Елена Морозова - Мария Антуанетта
Три с половиной недели, отделявшие 20 июня от 14 июля, Мария Антуанетта лихорадочно писала, призывая на помощь племянника и братьев короля, не почитая чудом, что находились курьеры и гонцы, доставлявшие ее письма адресатам и привозившие ответы. «14 июля станет подлинной катастрофой во всех уголках Парижа. На улицах призывают к убийству короля, выкрикивают еще более страшные вещи. <…> Толпы якобинцев направляются в Париж; королеву предупреждают, чтобы она была настороже, — поверяла она свои тревоги Ферзену и тут же успокаивала его: — Наше положение ужасно, но не стоит слишком беспокоиться за нас; я чувствую в себе силы, и что-то мне подсказывает, что нас спасут и мы еще будем счастливы. Только эта мысль поддерживает меня. Прощайте. Когда же мы наконец сможем спокойно встретиться?»

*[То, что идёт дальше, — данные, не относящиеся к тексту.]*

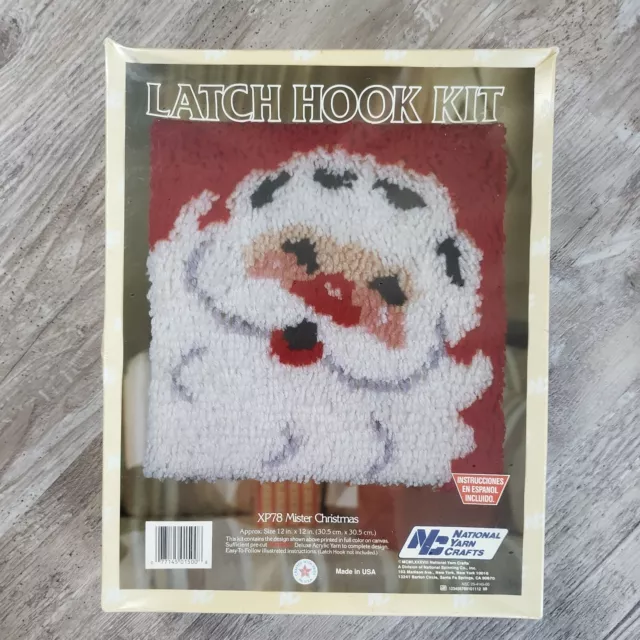 Kit de gancho con pestillo de vacaciones de Navidad National Yarn Crafts Santa 12 x 12 XP78 EE. UU. nuevo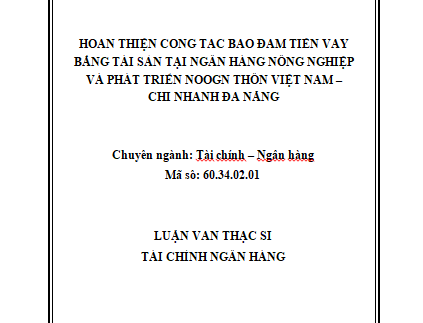 Hoàn thiện công tác bảo đảm tiền vay bằng tài sản tại Ngân hàng Nông nghiệp và phát triển nông thôn Việt Nam - Chi nhánh Đà Nẵng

Накануне праздника федерации был принят декрет, объявлявший отечество в опасности и мобилизацию всех способных носить оружие мужчин. Марсельский батальон волонтеров принес в столицу «Песнь Рейнской армии», названную парижанами «Марсельезой» и ставшую гимном революции и республики. На улицах распевали «Çа ira» — «Дело пойдет», куплеты на все случаи политических катаклизмов, с припевом «аристократов на фонарь!». Петиций от секций, клубов и департаментов с требованием отмены монархии и установления республики становилось все больше, а в адрес обитателей Тюильри все чаще неслись кровавые угрозы. Прошел слух, что король сошел с ума и надо устанавливать регентство. Марат призывал взять королевскую семью в заложники. Робеспьер призывал распустить Собрание, показавшее себя неспособным защищать отечество, и заменить его всенародно избранным Конвентом. 14 июля король бесцветным голосом принес очередную присягу на верность Федерации; королева с «полными слез глазами» наблюдала за ним. «Роскошь ее туалета, благородство ее поведения создавали контраст с ее окружением. Несколько национальных гвардейцев, выстроившихся перед ней, отделяли ее от простонародья», — писала мадам де Сталь.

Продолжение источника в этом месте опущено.